Every few years a new technique comes along that changes the way we fish on the West Coast. Interestingly however, many of these “new”
technique are really not new. They have been fished all over the world for years, but we, at times, have been slow to adopt
them. While some of our angling cadre may be eager to try new things, others are stuck in their old, traditional ways.
The ones on the cutting edge of new techniques are the ones who ride the wave of awe (or jealousy) for their stunning posts on Instagram and Facebook. For those on the envious side of the harbor, the posts are made worse when you’re sporting catches made the same time you
were out. It’s frustrating when you just can’t figure out what those guys are doing. Clearly, you can’t sit on your past successes. If you don’t want to be victimized by the kings of social media, you’re going to need an arsenal of methods when you head to the bluefin grounds.
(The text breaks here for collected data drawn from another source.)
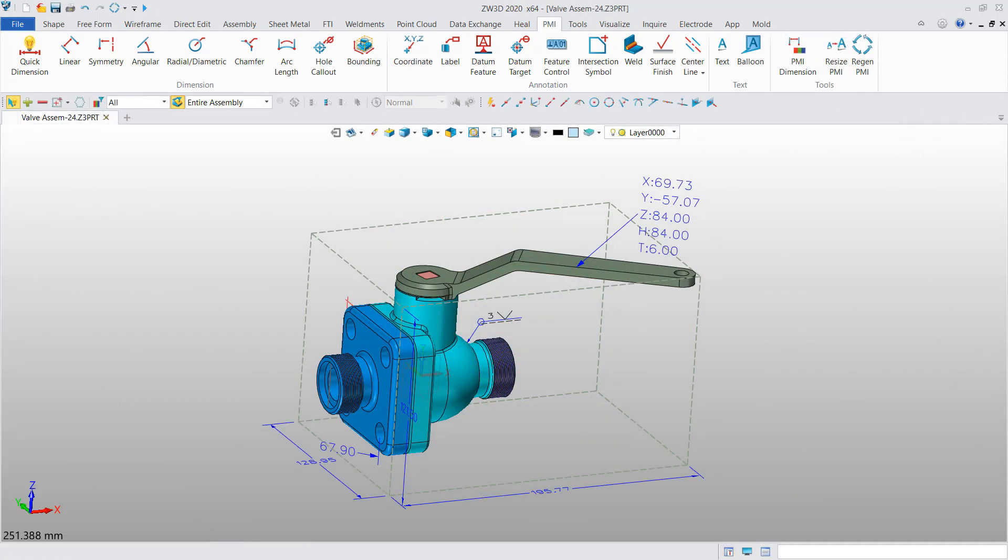These new PMI functions can help you add more types of annotations to 3D models efficiently.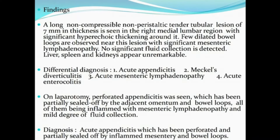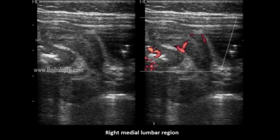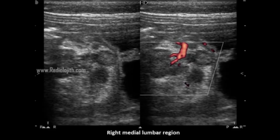The differential diagnosis for these findings could be: first, acute appendicitis; second, Meckel's diverticulitis; third, acute mesenteric lymphadenitis; fourth, acute enterocolitis. This is an infant — almost 8 months old — so the differential diagnosis was either appendicitis, Meckel's diverticulitis, mesenteric lymphadenitis, or enterocolitis based on the ultrasound findings.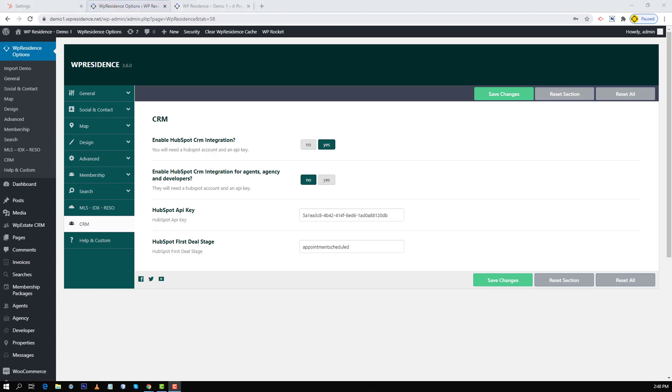As the next option I will show you how to use HubSpot CRM integration individually and let every agent, agency or developer who registers on your site to add their individual API key in their profile. First you have to go in theme options and make sure that both enable HubSpot CRM and enable HubSpot CRM option for agents, agencies and developers are active. Then you save changes.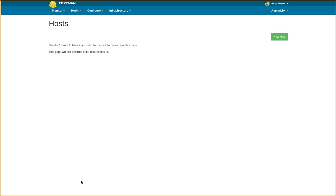However, it can be slow and appear to hang when doing slow loading pages. However, there is a progress indicator bar, which can be seen at the very top of the page above the Foreman logo.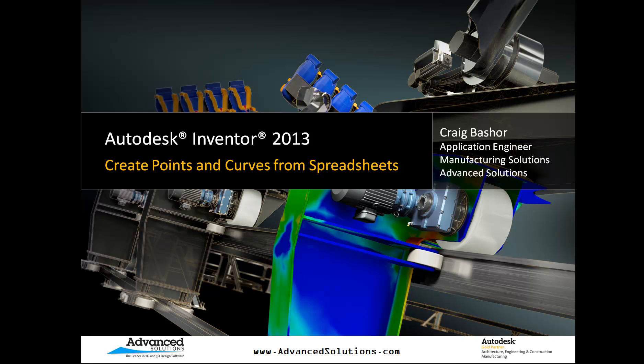Hello, my name is Craig Basher. I'm an application engineer for Advanced Solutions. Today's tip is about how to take X and Y and Z points that are found in a spreadsheet and place them into Inventor.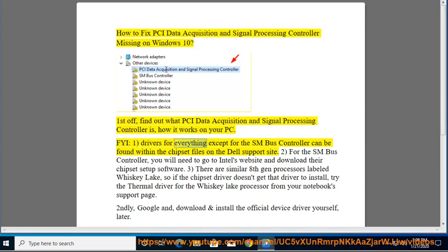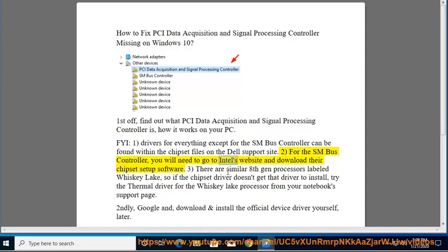FYI: 1. Drivers for everything except for the SMBus controller can be found within the chipset files on the Dell support site. 2. For the SMBus controller, you will need to go to Intel's website and download their chipset setup software. 3. There are similar 8th Gen processors labeled Whiskey Lake, so if the chipset driver doesn't get that driver to install, try the thermal driver for the Whiskey Lake processor from your notebook's support page.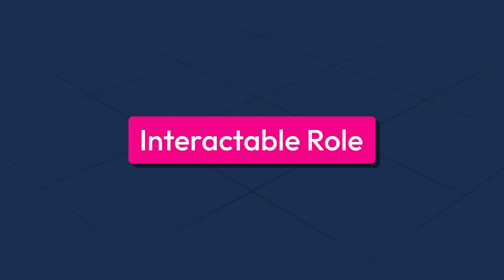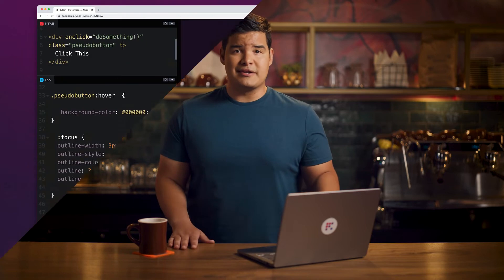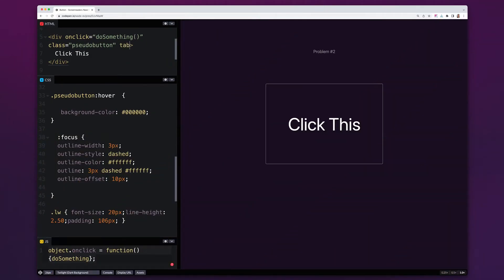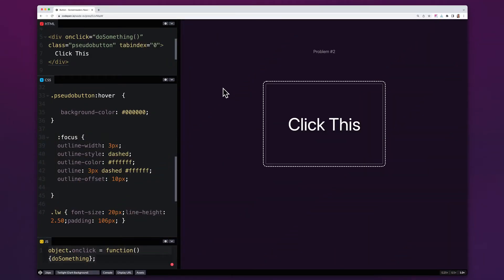Now let's up the ante a little. Let's say you figured out that there's a way to force the keyboard to pay attention to your non-button button — tabindex equals zero. So comforting. So easy. And as it turns out, so wrong.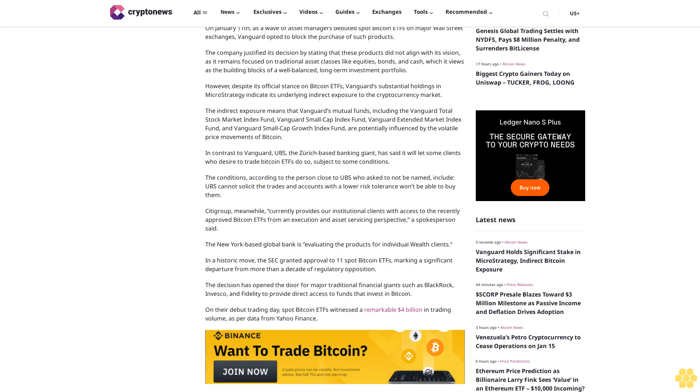Invesco, and Fidelity to provide direct access to funds that invest in Bitcoin. On their debut trading day, spot Bitcoin ETFs witnessed a remarkable $4 billion in trading volume as per data from Yahoo Finance.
The World Is Your Tackle Box In my years of testing many of the world’s fisheries, I have been exposed to some interesting techniques. Yet, it’s what you do with the techniques you learn that really matters. One of those would be utilizing downriggers for trolling live baits when
big tuna are deep and won’t come up to eat. I encountered this technique in Puerto Vallarta in the early 2000’s. When the big bluefin showed but wouldn’t bite, we got them on the downrigger.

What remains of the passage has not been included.